Because of this, people at the Loeb, especially new people, tend to think of Chapman as cold and inaccessible. "From what I'd heard, I'd envisioned him as an ogre, or Michelangelo's God," recalls one Cliffie. "But when I met him, the first thing he did was to kiss my hand. He's dashing, witty, and very charming."

There are really two sides to the Chapman coin. Heads, he looks down his nose at the Loeb; tails, he's a slightly discriminating perfectionist. "People don't ask him to rehearsals because they are afraid he would sneer," says one HDC member. "If he can't do a show exactly right, he can't bear to do it," says another. "He's kind of a snob. He won't do a show that would be compromised from the beginning."

When he directs, he spends a great deal of time researching the play's record. His production of Love for Love, a brilliant success, was correct down to the Restoration detail of having the gentlemen wear their hats to dinner. He was reluctant to go see the HDC's summer production of The Bacchae, because it was a modern interpretation done in modern dress; it didn't seem to him the real thing.

From the biggest director to the littlest props girl, Loebies respect him. His presence at a rehearsal or a performances galvanizes the cast. Whispers of "Chapman's here!" "What's he think of it?" float through the ranks and around the Green Room. They know he knows a lot, and they have faith in his appraisals.

But if they trust his judgement, they are often afraid to hear it handed down. When he dissects a Loeb effort, his charm can give way to an icy directness. Most leads and directors do end up wandering into his office for a post-mortem. Says one HDC executive, "If you ask him, he gives it to you straight -- right between the eyes. He judges everything from a professional standpoint. That's a good influence."
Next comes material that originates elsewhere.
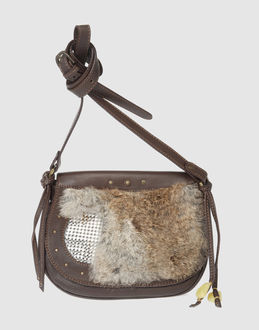 Paesaggio urbano sacs sacs moyens en cuir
To many HDC members, however, he gives the impression that, as one put it, "he's extremely dissatisfied with everything that's done at the Loeb." Says the same person, "Chapman is caught between being too professional for the amateur Loeb and being fed up with what the professional theatre has to offer."

When the Loeb was first being planned, Chapman wanted it to house professional companies for at least a part of every season; this year, for the first time, two pro troupes will play there. And it will no doubt be a relief for him to hear polished sounds coming from the stage. For if he has given up the professional theatre as a vocation ("I don't have the theatrical temperament," he explains), he has retained the standards it once demanded of him.

Now 47, he was, by the time he was four, putting on puppet shows with his neighbor and contemporary, George Hamlin. He worked hard on his acting at Taft, went on to act and direct at Princeton. Princeton's situation was very much like that of Harvard before the Loeb opened. "There was no theatre, no drama department, no staff," says Chapman. "Nobody cared a damn." His only encouragement came from two English professor who occasionally stopped in at rehearsals, then made their suggestions at Sunday afternoon teas. He wrote two Triangle shows, playing "Miss Gibbings, a saucy secretary" in one of them. He became president of the Triangle Club in his senior year.

When he graduated from Princeton in 1941, he was thinking of "making a desperate attempt to get into the theatre as an actor." Instead, the Navy cast him as an intelligence man, and he ended up in Casablanca in a 12-man bureau devoted to investigating the likes of a bank teller who hung a photograph of Marshal Petain in his cage. He took advantage of the lack of crises to travel around North Africa, particularly Morocco, for which he developed an enduring love. (Today his office, which is his castle, is known behind his back as "little Morocco," because it is lined with books on Morocco, and its desk and walls are covered with Moroccan memorabilia.)